Tuesday, October 28, 2008
Day Eight – Jerusalem, the rest of the story
After lunch, we took a driving tour of the political situation going on in the holy city. We drove around the Old City east to Ma’ala Adumim, the large Israeli settlement east of Jerusalem. We drove through the tunnel and then through the desert to what looks like an expensive suburb with green grass, mature olive trees, and strip malls. In many ways, upon entering this city one is reminded of other affluent neighborhoods, with pools, and gyms, and upscale California Mediterranean housing and industrial parks. But after learning a bit more from Angela Godfrey-Goldstein of the Israeli Committee Against Housing Demolition, it seems that looks deceive.
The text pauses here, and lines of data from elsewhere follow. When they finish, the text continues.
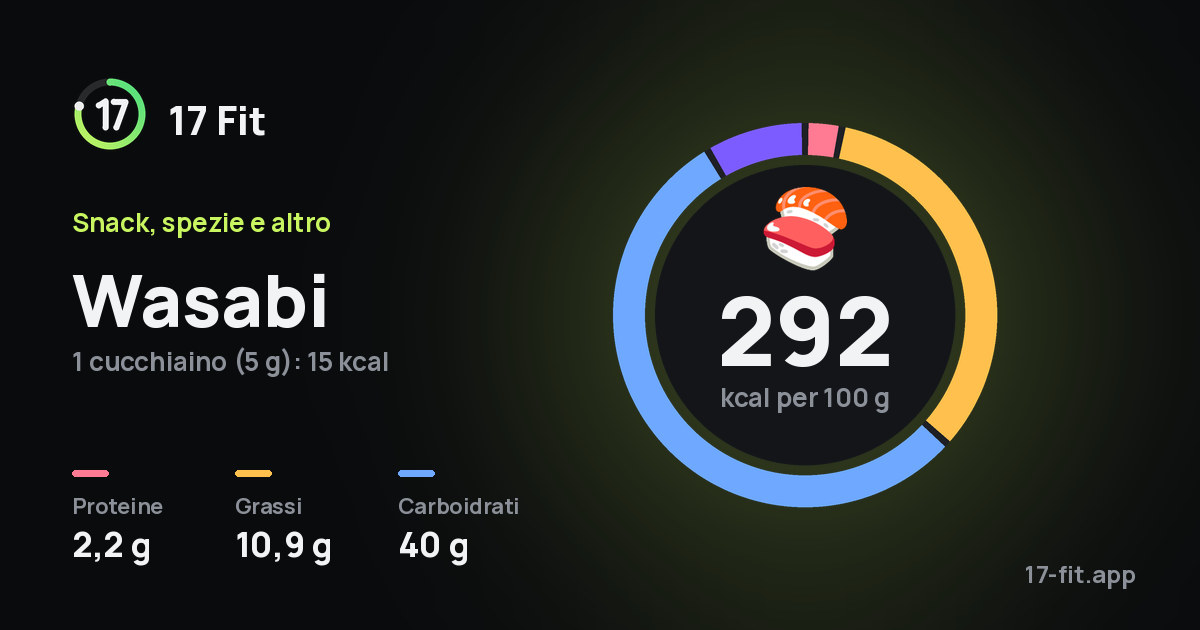 Wasabi: 292 kcal per 100 g, proteine 2,2 g, grassi 10,9 g, carboidrati 40 g.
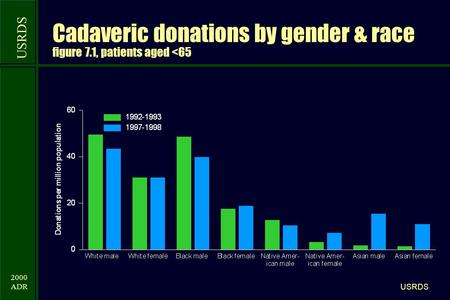 USRDS 2000 ADR USRDS Cadaveric donations by gender & race figure 7.1, patients aged 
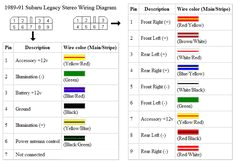 2002 Subaru forester Radio Wiring Diagram 148 Mejores Imagenes De Subaru forester 2000 Subaru 2002 Subaru forester Radio Wiring Diagram 148 Mejores Imagenes De Subaru forester 2000 Subaru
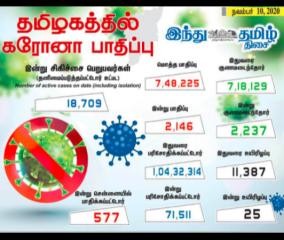 2-146-persons-tested-positive-for-corona-virus-in-tamilnadu-today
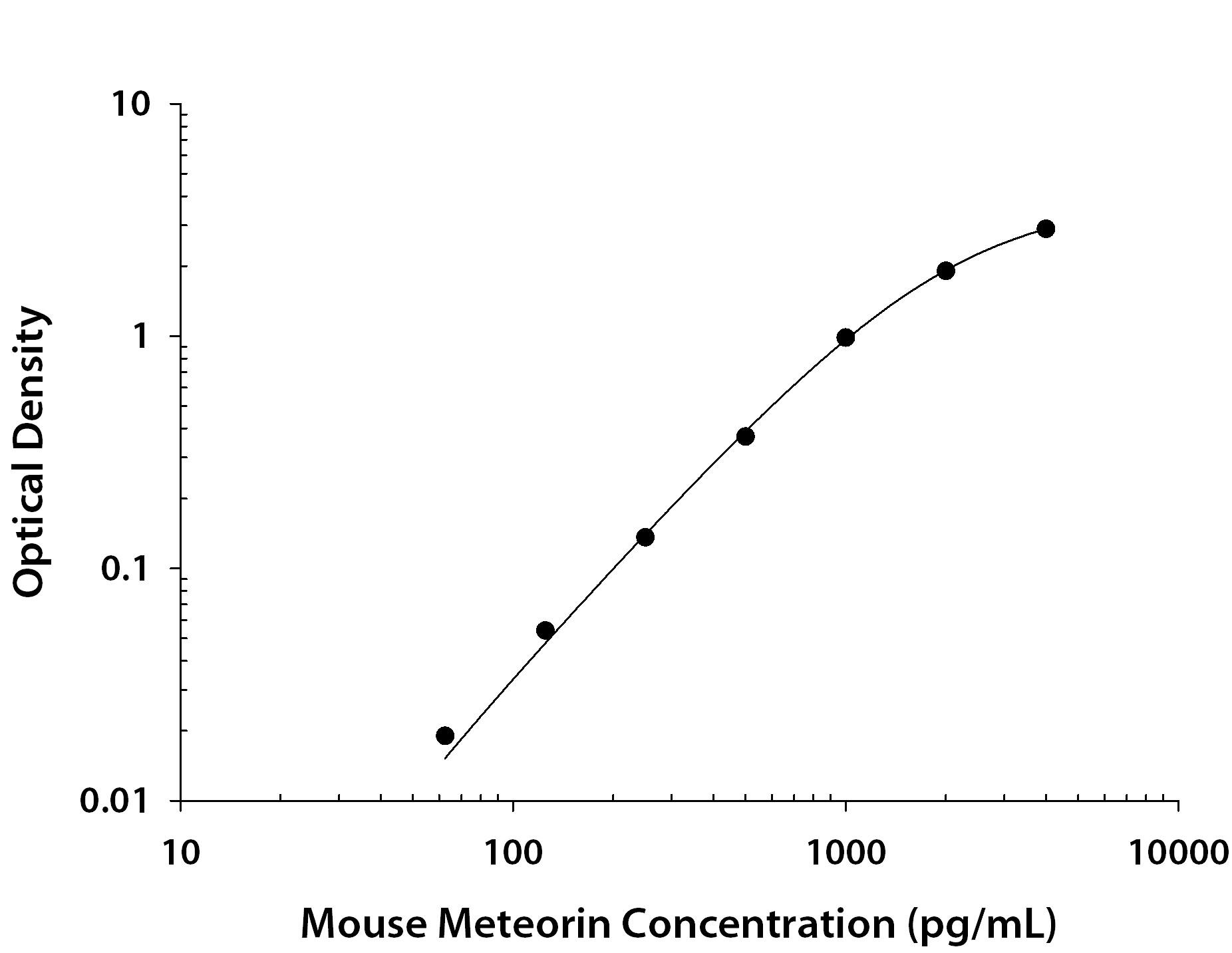 Mouse Meteorin Antibody in ELISA Standard Curve.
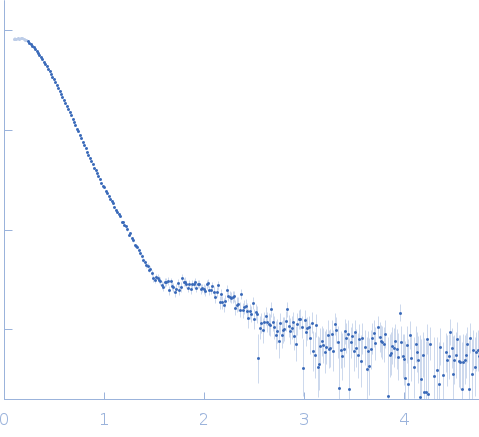 Beta-galactosidase-like enzyme experimental SAS data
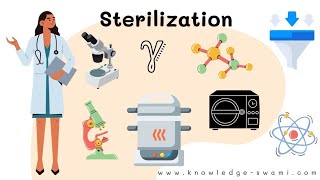 Biological Indicators Of Sterilization  Sterilization Methods sterilization bacteriology [upl. by Harpp6]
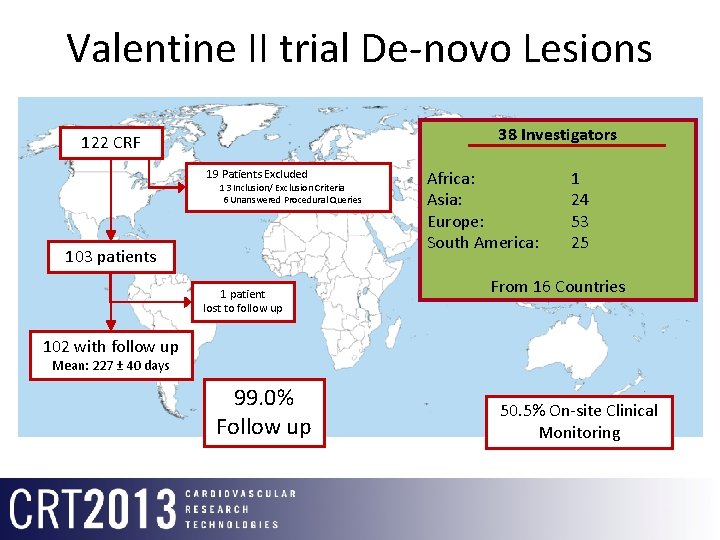 Valentine II trial De-novo Lesions 38 Investigators 122 CRF 19 Patients Excluded 13 Inclusion/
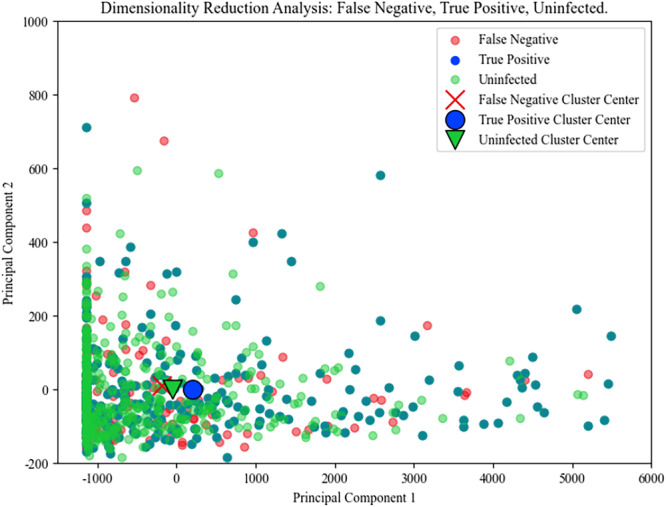 Clinical Characteristics of Patients With Respiratory Infections After Nonpharmacological Interventions for COVID-19 in China Have Ended: Using Machine Learning Approaches to Support Pathogen Prediction at Admission.
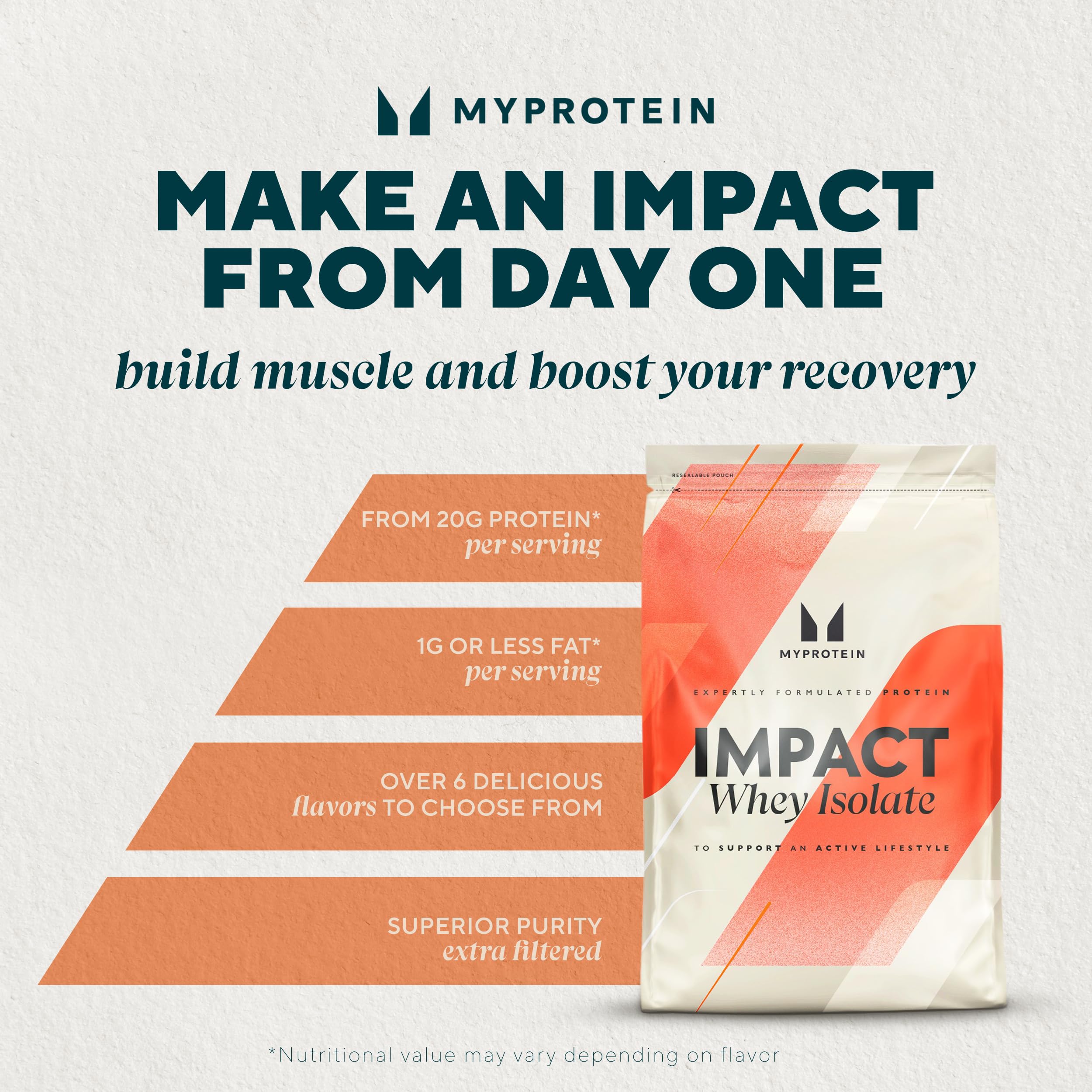 Myprotein polvo cercano textura fina del Impact Whey Isolate para mezcla rápida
These homes for 40,000 newcomers to Israel were built on land that 86% of which was privately held and confiscated from Palestinian Arabs. A number of Bedouin families have been forced to evacuate from the Negev and relocated in the area that is now the site of a new outpost that settlers hope to expand into a full blown city. The homes for these settlers have been built on a site that surrounds the water access formerly available to the Bedouin families. The ancient olive trees within the settlement have been uprooted from Palestinian farms and replanted within the settlement’s squares to give the impression that these settlements have been a permanent part of the landscape.
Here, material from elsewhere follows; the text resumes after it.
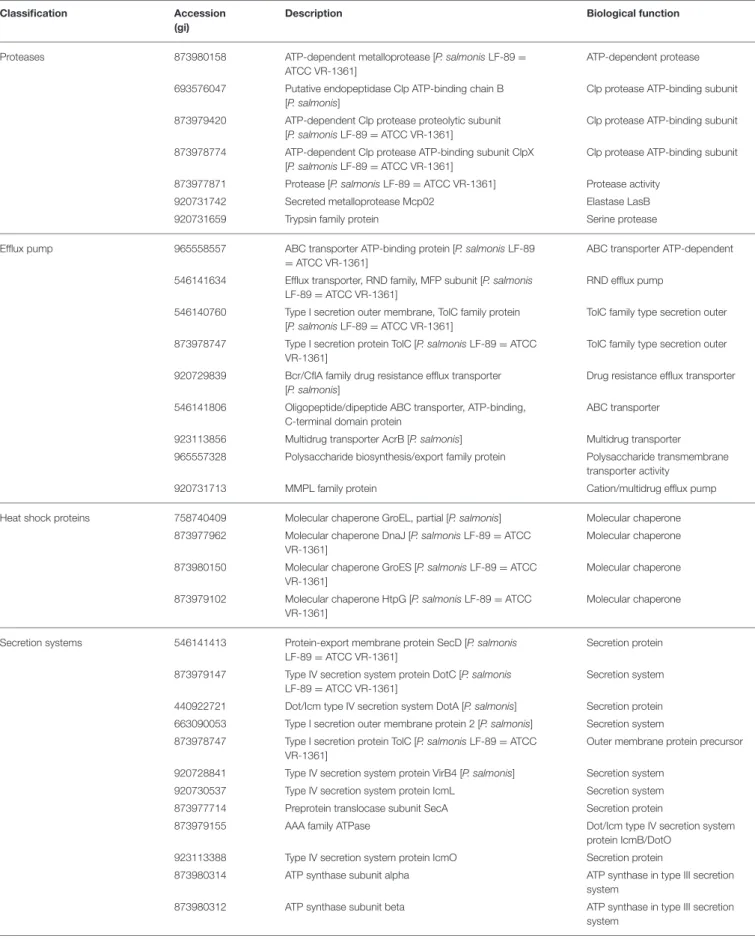 TABLE 3 | Classification of virulence-related proteins identified from Piscirickettsia salmonis LF-89 type strain membrane vesicles.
In addition to the settlements that are expanding the reach of Jerusalem to the east, there are a number of mini-settlements and compounds growing within Arab East Jerusalem, the suburb next to the Old City that Palestinians have hoped would be the capitol of a Palestinian State in the future. Further complicating life for the residents within East Jerusalem is the presence of a 28 foot tall concrete “Security Barrier.” Rather than separating Jewish and Arab neighborhoods, this wall is situated in a way that separates Arab from Arab neighbors, and cuts off the historic road from Jerusalem to Jericho mentioned by Jesus in the parable of the Good Samaritan.
We also saw the effects of the Israeli policy on home building permits. While Jewish Israelis regularly receive building permits, Arab Israelis and citizens within the West Bank are regularly denied. After waiting years for an unavailable permit, people often go ahead and build on their property, even though the can expect to receive a demolition order. Since 1967, there have been 18,600 demolitions of such homes, and there are currently hundreds of demolition orders placed on other homes and apartment buildings. This is another way the Israeli government is making life hard for Palestinians and encouraging them to leave their ancestral homeland. This policy makes it easier for Jewish settlers to squat on the land and take it over.
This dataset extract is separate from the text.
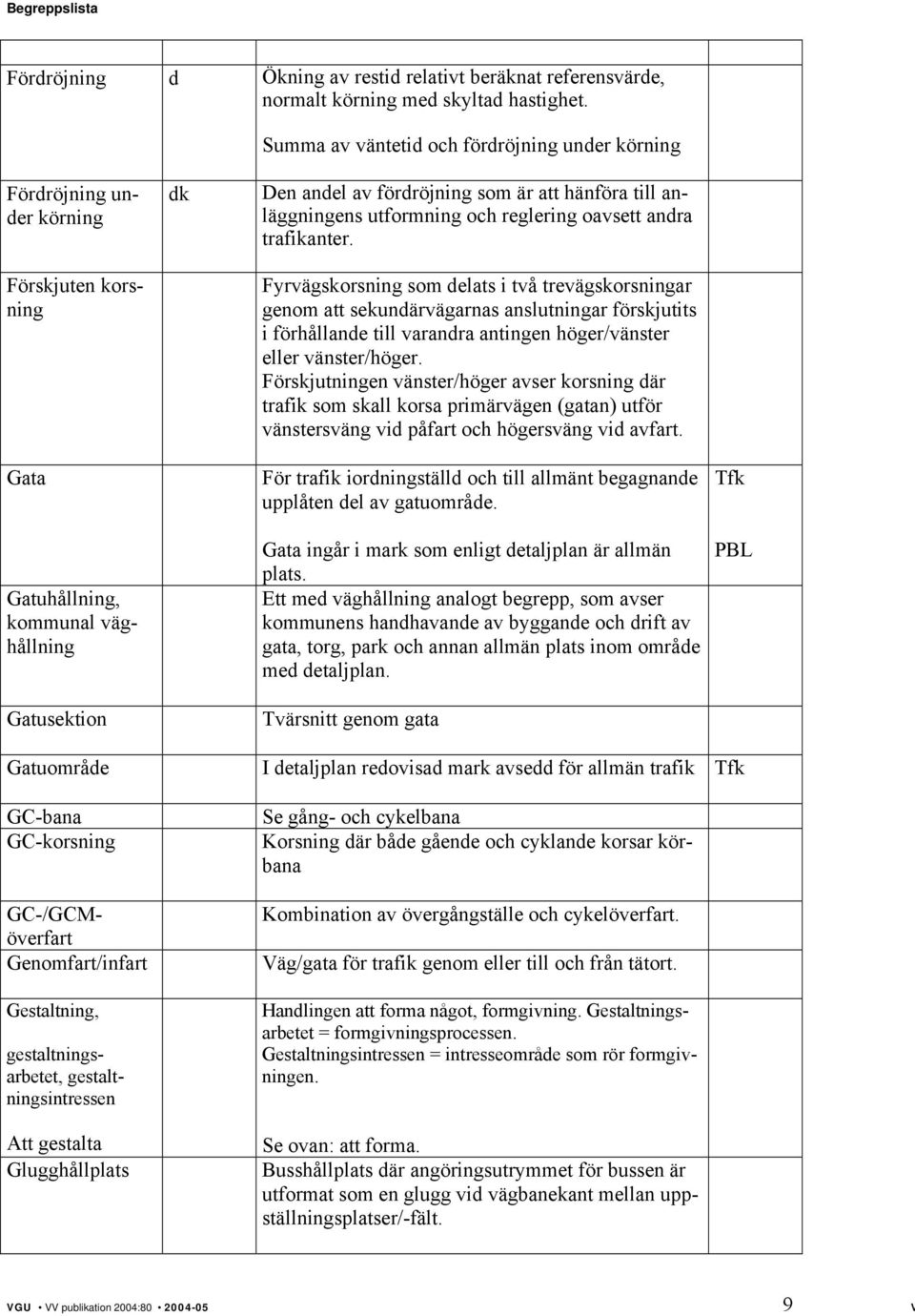 trafikanter. Fyrvägskorsning som delats i två trevägskorsningar genom att sekundärvägarnas anslutningar förskjutits i förhållande till varandra antingen höger/vänster eller vänster/höger.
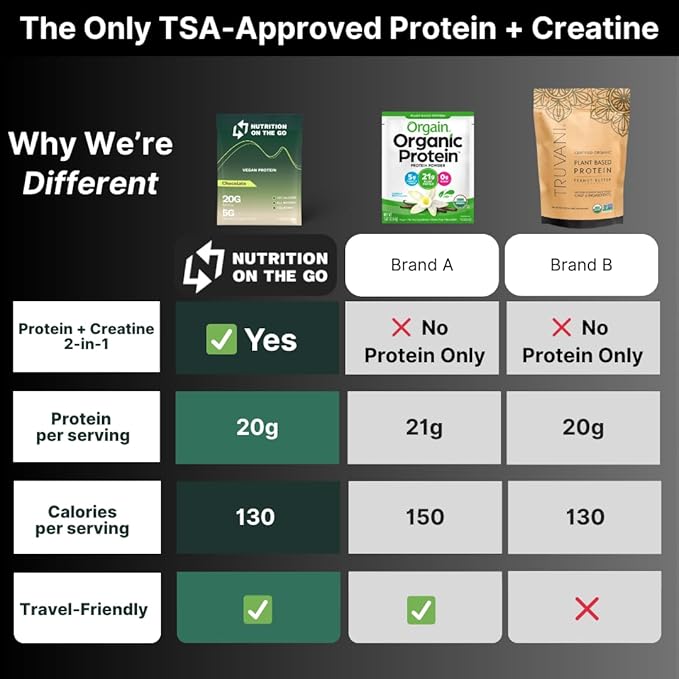 Nutrition On The Go Vegan Protein Powder Packets with Creatine – 20g Plant Proteins + 5g Creatine – Single-Serve Travel Protein Powder – All-Natural Gluten-Free – Chocolate – (60-Pack)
If the wall were being built along the Green Line, the accepted boundary according to International Law in 1967, then the wall wouldn’t be twice as long as the boundary line. Instead, the wall cuts deep into the West Bank to claim a significant amount of the most arable land and water resources. Here, like in other places, the wall isn’t about securing Jewish safety within Israel but increasing the process of ethnic transfer and a land grab to make even Arab East Jerusalem a part of a Jewish “Greater Jerusalem,” extending from West Jerusalem to the furthest settlements beyond Ma’ala Adumim. This effectively cuts any future Palestinian state in the West Bank into two cantons, making a two state solution to the conflict that much more difficult to achieve.